As a double-edged sword, the technology has two faces, and wielders need to use it while being also cognizant of risks
AI systems are especially adept at identifying patterns in massive amounts of data, and making predictions based on that data.
For example, business email compromise (BEC) attacks have been growing in frequency, and they can avoid multiple email security tools because they typically do not have payloads such as links or attachments.
Additionally, traditional API-based email security solutions scan the threats post-delivery, which often requires very time-consuming effort by IT or security teams to populate the tool with data. Since this approach does not scale well, many teams choose instead to only implement those controls for a select group such as senior executives, which leaves threat actors with an opportunity to target a much broader category of people within the organization when carrying out payroll diversion attacks.

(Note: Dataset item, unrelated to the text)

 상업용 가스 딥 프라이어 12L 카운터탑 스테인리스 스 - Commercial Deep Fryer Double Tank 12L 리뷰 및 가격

Using generative AI for scanning
AI/ML-driven threat detection, along with LLM-based pre-delivery detection, can be used to interpret the contextual tone and intent of an email. This pre-delivery approach protects organizations by blocking fraudulent and malicious emails before they reach employees, greatly reducing exposure to threats like BEC.
However, to work well, AI and ML solutions need massive amounts of high-quality data because the models learn from patterns and examples rather than rules.

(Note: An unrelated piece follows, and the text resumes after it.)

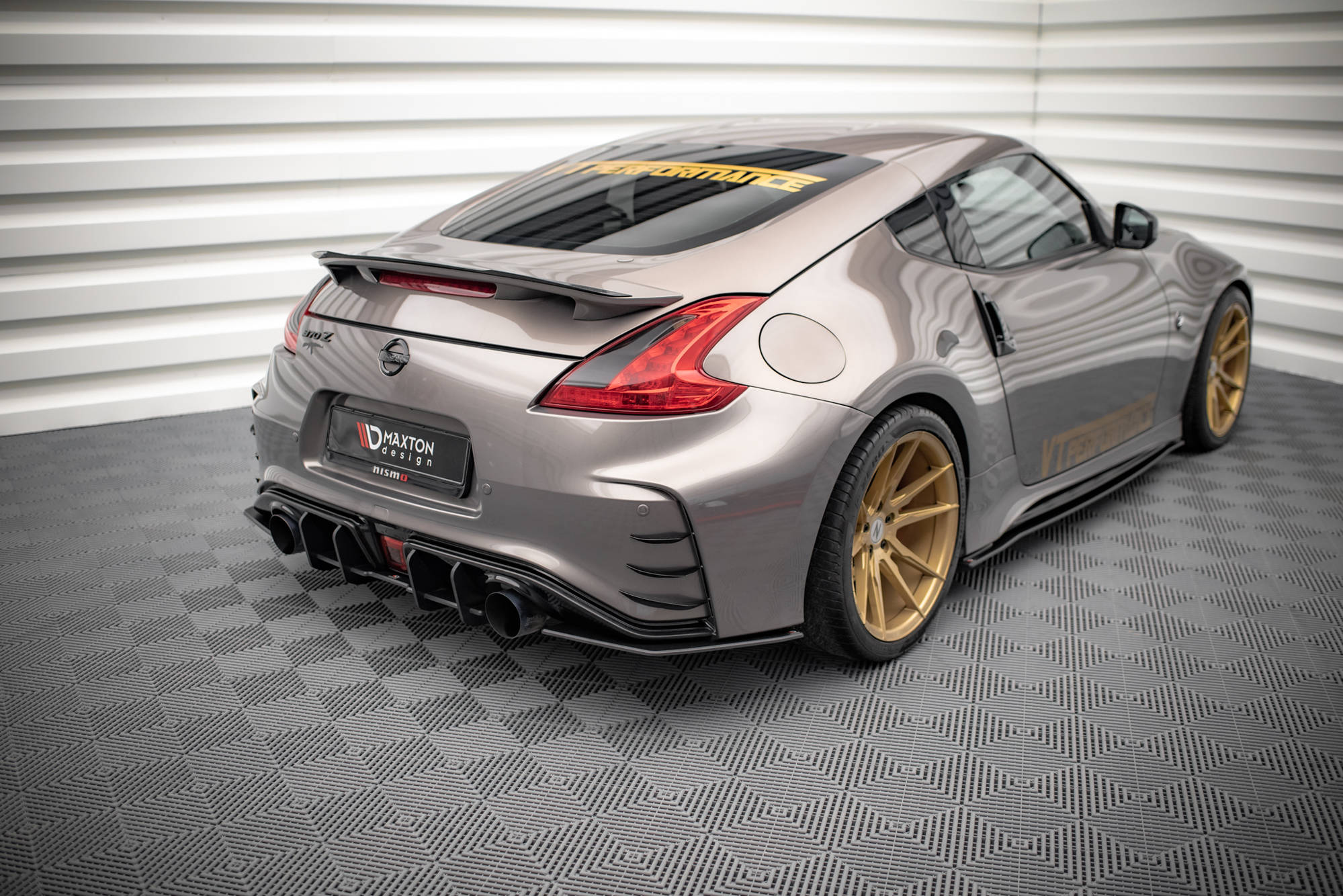 Street Pro Heck Ansatz Flaps passend für Nissan 370Z Nismo FL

This is why training models with millions of daily emails from a worldwide threat intelligence ecosystem is crucial: it ensures higher-fidelity detection and gives security or IT teams the confidence in the effectiveness of their security.
Also, when considering new cybersecurity solutions that rely on AI and ML, the following questions need to be addressed:
- Where does the product vendor get their data for training algorithms? Obtaining data for general-purpose AI applications is easy, but threat intelligence data is not as readily available. The training data used by the vendor should reflect not only real-world scenarios, but also threats that are specific to the organization and its employee.

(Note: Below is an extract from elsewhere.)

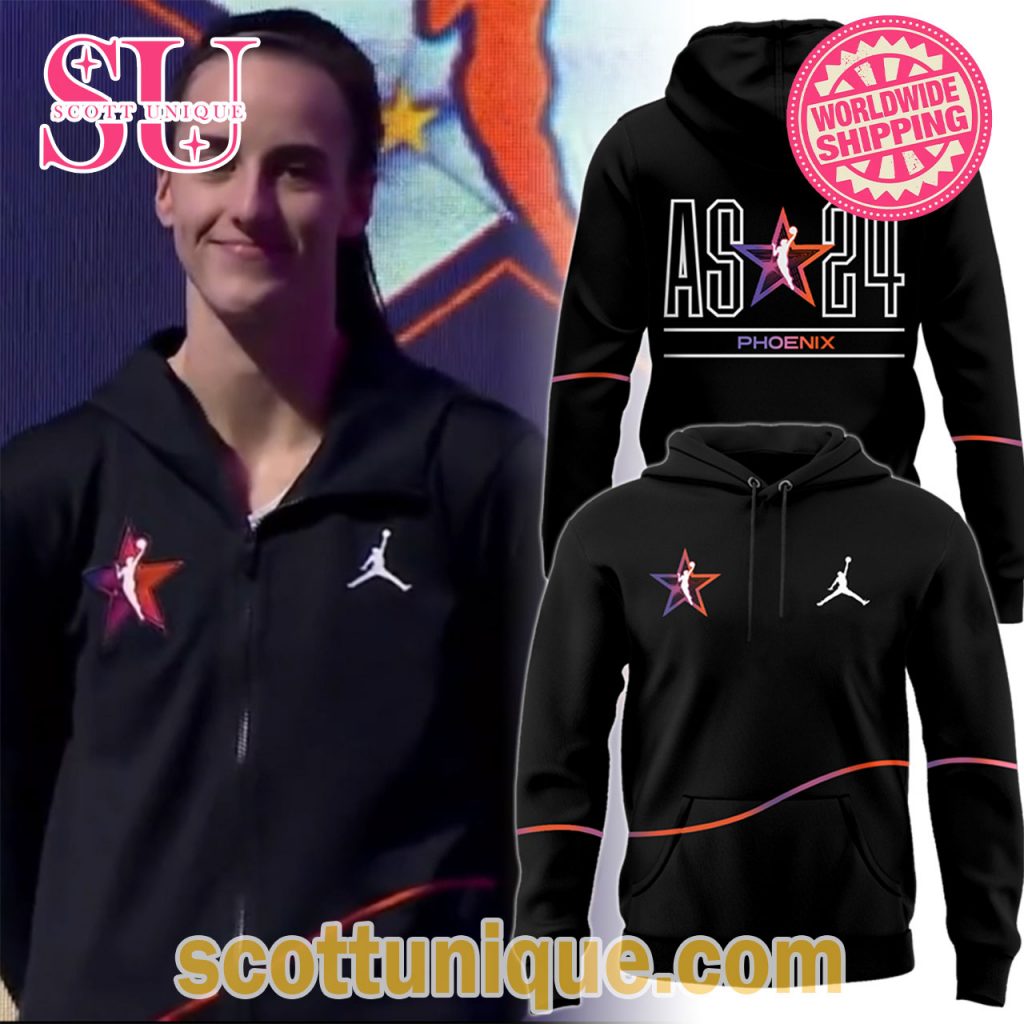 Caitlin Clark Team All Star Phoenix 2024 WNBA Hoodie1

- What does the product use in the detection stack to supplement AI/ML? Intelligent technology is not as efficient, effective, or reliable for some types of threats. It is crucial for a security solution to integrate other techniques, such as rules and signatures, or a “human-in-the-loop” model to leverage IT teams’ expertise without giving up the speed and self-learning benefits of AI in the production environment.
- Is generative AI is optimal for your organization’s specific challenges? AI models are complex and computationally intensive, and may take longer to execute than less complicated functionalities. Sometimes rules-based techniques may be more effective, especially when fast response is critical. It is therefore necessary to understanding the security objective of your organization and what path is best for solving the problem.
The dark side of GenAI
As the security community tries to understand the implications of AI (and generative AI), we cannot overlook the fact that bad actors can also use it to their advantage.
Threat actors are already abusing this technology, using open-source large language models to develop malicious tools such as WormGPT, FraudGPT, and DarkBERT. These tools enable attackers to craft much better phishing emails, and translate them into many more languages.
Threat actors will not give up their existing tactics or reinvent the wheel as long as their current models remain lucrative. Defenders must keep a sharp focus on the more immediate threats, and ensure they have foundational defenses in place.